Governor Kathy Hochul plans to forge forward with a redesign of Penn Station and the surrounding neighborhood, but will put her own spin on the project first proposed by her predecessor Andrew Cuomo. The Hochul plan, first reported by Bloomberg and sent to The New York Times ahead of the official announcement Wednesday afternoon, will not immediately require removing all the buildings on a city block south of Penn Station, but will add more pedestrian space and raise the low ceiling of Penn Station, while eventually still expanding the number of train tracks at Penn.

"This area is is the beating heart of our city," Hochul said during a press conference Wednesday, noting it's the busiest transit hub in North America. She called her plan a way to make "a Penn Station worthy of New Yorkers."

In addition to the governor calling it "depressing," "crowded," and "confusing," Regional Plan Association president Tom Wright said commuters face "daily humiliation" at Penn Station and MTA Acting Chairman Janno Lieber said it was a "reviled" space.

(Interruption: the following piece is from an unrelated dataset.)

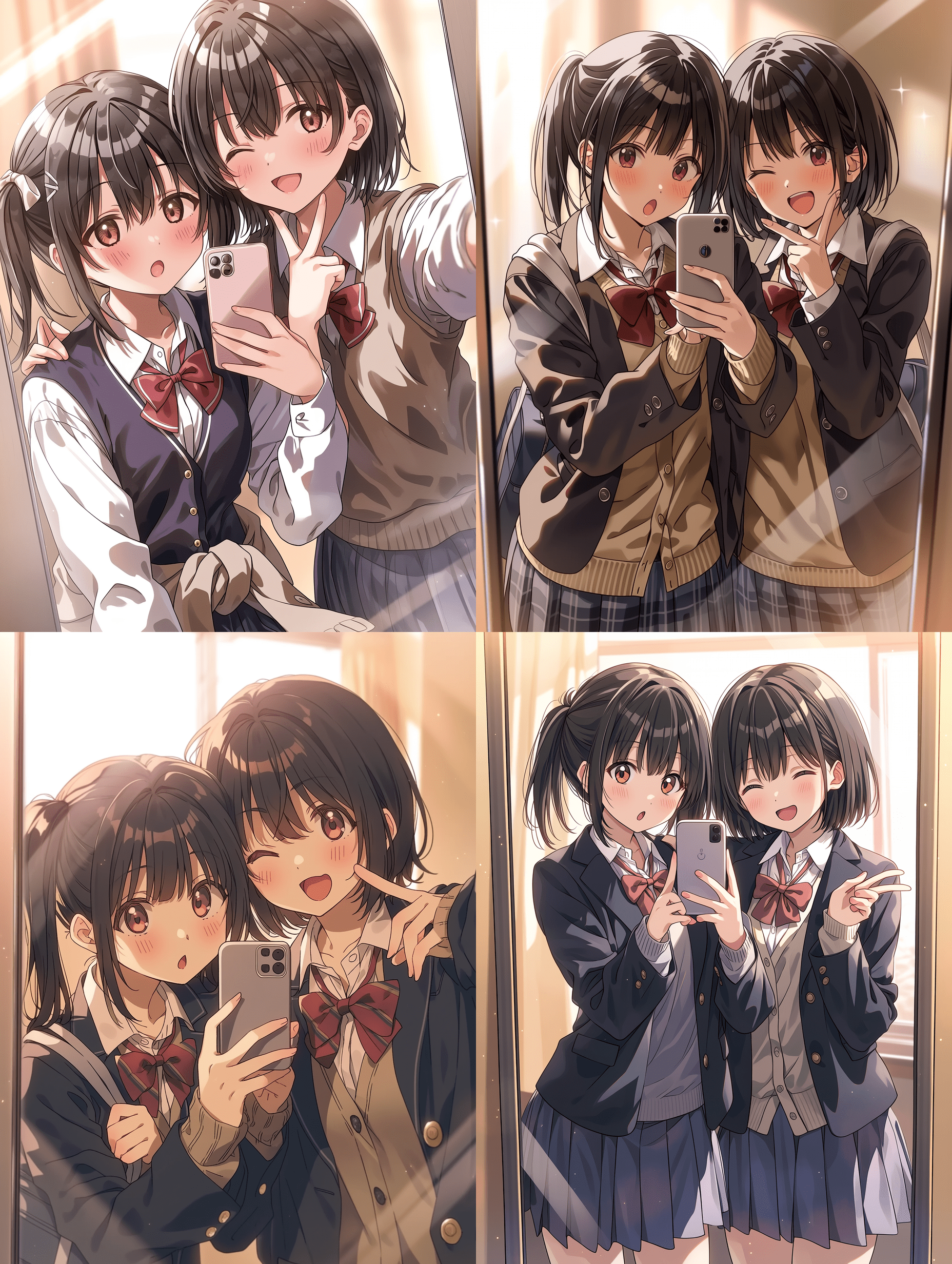 动漫风格，两名黑发女学生身穿校服对着镜子自拍，其中一人扎着马尾、红瞳，表情惊讶；另一人留着短发，正眨眼并用手指指向镜头。画面采用柔和的漫射光，带有温暖的光晕，氛围温柔，皮肤质感细腻，整体充满温馨舒适的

The renovated Penn Station would be a single level train hall with higher ceiling heights--which are seven feet in some places now--with a 450-foot-long concourse, bigger than Moynihan Station and Grand Central Terminal combined, she said.

Cuomo's plan featured 10 new towers, and the Times reports Hochul's plan would still build 10 new towers, just that they would be reduced in size by 7%, still making a larger footprint than Hudson Yards. Hochul also reportedly will propose 540 permanent affordable housing units in the 1,800 total residential units, which is consistent with what officials presented in July. (The definition of affordable has yet to be explained.)

Both plans also call for creating nine new tracks and five new platforms at Penn Station, which would primarily be used by NJ Transit. However, Hochul emphasized that her version would not be as disruptive to the neighborhood as before.

Hochul signaled her interest in more immediate Penn Station upgrades on Sunday, during an unrelated press conference, saying, "Penn Station itself needs to be redone. And I’m not waiting until 2035 for the tunnel to be done to start talking about the Penn Station experience, which is substandard.”

A rendering of the re-imagined Penn Station

One aspect in which the plans seem to diverge is the creation of public space. Cuomo’s plan would have created a 30,000 square foot pedestrian plaza between buildings on West 30th and 31st streets. Hochul’s plan appears to add eight acres of public space, according to the Times.

Hochul said that the plan would take four to five years, at a price tag of $6-7 billion. She said urgency was needed, because costs go up as projects get delayed. She did confirm that some buildings south of Penn Station would need to be demolished, but not at the scale as Cuomo had proposed earlier; the space would be needed for development, which would help fund the project. Cuomo’s plan expected to use a mix of air rights, leases on space, and tax abatements to generate funds.

The track and station expansion at Penn is part of the Gateway project, and was expected to be funded in part by the federal government, and with New York and New Jersey splitting the costs.

Governor Cuomo's proposal for Penn Station, presented in January 2021

Manhattan Borough President Gale Brewer, who won a city council seat Tuesday night had opposed the Cuomo plan on the grounds of how it would be funded, and the lack of affordable housing. Coming off her election victory Wednesday, she praised Hochul’s new tack.

“I commend Governor Hochul for announcing that critical Penn Station improvements are moving ahead and will be taking precedence in the state’s plan for the neighborhood," Brewer wrote in an email. “Penn Station improvements are long overdue and will improve our region’s transit infrastructure. I look forward to working with the state on the plan’s financing, open space, collaboration, and engagement with the community.”

A coalition of advocates has been rallying against the proposal. It notes the area doesn’t need more office space, especially with so much vacant office space already.

“This is a neighborhood with a character, a history and a soul,” Simeon Bankoff, Executive Director of the Historic Districts Council, wrote back in April. “It cannot be treated as a blank space for ill-conceived and unsustainable real estate power fantasies.”

Lynn Ellsworth, of Humanscale NYC, which includes community and civic groups concerned about overdevelopment, said in an email to Gothamist/WNYC that the project does not appear to be "chang[e] the Cuomo vision enough to make the project different.  From what I read in the Times, this is not a significant change in the project."

However, she added, "It’s great that she doesn’t want to demolish some part of the neighborhood."

Hochul has already halted other Cuomo-era infrastructure projects, like the LaGuardia AirTrain. While lawmakers and advocates are calling on her to kill the project outright, instead she asked the Port Authority to review options, other than the $2 billion AirTrain.

Unlike the AirTrain, which had already cleared the final federal hurdle, the Penn Station redevelopment plans are still in the early planning process and the state is preparing the federally required Environmental Impact Statement.

This article has been updated to clarify that it was RPA president Tom Wright who said Penn Station provided "daily humiliation" to riders while MTA Acting Chair Janno Lieber was the one to use the word "reviled" to describe the hub.